Starting from command line made no difference, still gets the group right, but read only.

My /opt directory is empty…

So you’ve enabled set-group-ID (02000 S_ISGID) on the parent folder? chmod 2775 /path/to/ardour-sessions/ ?

What is the umask when starting Ardour?
In a Terminal Window, does

umask 0002
Ardour5

help?

umask returns:

0022

Then starting ardour5 with a new session still gets the group on the new files right, but group only has read access.

getfacl on the directory shows:

getfacl ./Sessions
# file: Sessions
# owner: root
# group: session
# flags: -s-
user::rwx
group::rwx
other::r-x
default:user::rwx
default:group::rwx
default:other::r-x

And the contents:

ls -lan
total 24
drwxrwsr-x+ 6 0 1002 4096 Feb 9 15:45 .
drwxrwxrwx 5 0 0 4096 Feb 9 10:49 …
drwxr-sr-x+ 9 1000 1002 4096 Feb 9 15:46 Comline
drwxrwsr-x+ 2 1001 1002 4096 Feb 9 11:18 junk
drwxr-sr-x+ 9 1000 1002 4096 Feb 9 11:05 Mac1
drwxrwsr-x+ 9 1001 1002 4096 Feb 9 12:46 Octa1

Group 1002 being the shared group “session” between user 1000 and 1001
Mac1 and Octa1 are sessions saved from Ardour
junk was created by hand (i.e. create folder from file manager)
Comline is a session saved from Ardour launched from commandline

OK. so Ardour (really libxml2) will never create files that are group-writable.
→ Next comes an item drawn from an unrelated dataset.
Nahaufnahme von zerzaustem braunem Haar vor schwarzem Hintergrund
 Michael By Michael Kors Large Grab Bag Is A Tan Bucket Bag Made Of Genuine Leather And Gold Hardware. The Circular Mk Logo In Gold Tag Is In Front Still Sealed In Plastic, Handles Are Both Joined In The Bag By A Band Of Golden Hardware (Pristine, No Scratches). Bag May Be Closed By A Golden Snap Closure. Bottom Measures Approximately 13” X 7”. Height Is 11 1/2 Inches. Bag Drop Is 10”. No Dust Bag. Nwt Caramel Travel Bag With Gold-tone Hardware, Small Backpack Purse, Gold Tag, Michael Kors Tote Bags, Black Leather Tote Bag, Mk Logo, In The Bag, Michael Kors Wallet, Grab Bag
The group and other write flags are masked.

I’m confused…

The man page for umask says:

“Alternatively, if the parent directory has a default ACL (see acl(5)), the umask is ignored, the default ACL is inherited,…”

Further messing around…

When I login open a terminal umask is 022, if I then su umask is 002.

Everything I’ve tried to set default umask to 002 result in the above situation.

Usually when I have permission issues I always try the chmod 777 -R to the directory of interest. 8 out of 10 times it works

That fixes it for that particular, already existing, directory.

But, the goal is to have new directories automagically created with the desired access rights…by users who have no clue what the command line is. As far as they know chmod is something from a Harry Potter movie. :joy:

After reading a few places on the web, I re-did the entire ACL setup on my directories.

I have confirmed:

  • user umask after login is 022
  • ACL’s seem to be set correctly on the directory
  • Multiple users can create directories and files with various programs (like scite, libreoffice write, audacity) and the folders/files are created with rw for the group
  • Ardour still creates the folders/files with the correct group, but only r for the group.

What am I missing? Is Ardout doing something that those other programs aren’t? Is Ardour not handling the ACL correctly?

I’ve deleted the last 3 messages to avoid incorrect and/or confusing stuff being left here.

If someone has concrete steps for the OP to take, please feel free to continue.

After a bunch more research and experimentation:

I figured out how to get the user to have umask 0002 by default. Ardour still creates the correct group on files and directories, but only gives the group access rights for read. Other programs correctly create files/directories with group read/write as specified by the ACL

In addition, for folders using basic access control (i.e. no ACL’s, and setguid bit set) Ardour produces the same results, while other programs do it correctly.

I’m assuming my use case is special, so this would not be considered an Ardour bug. But, shouldn’t Ardour be handling directory/file creation as other programs do?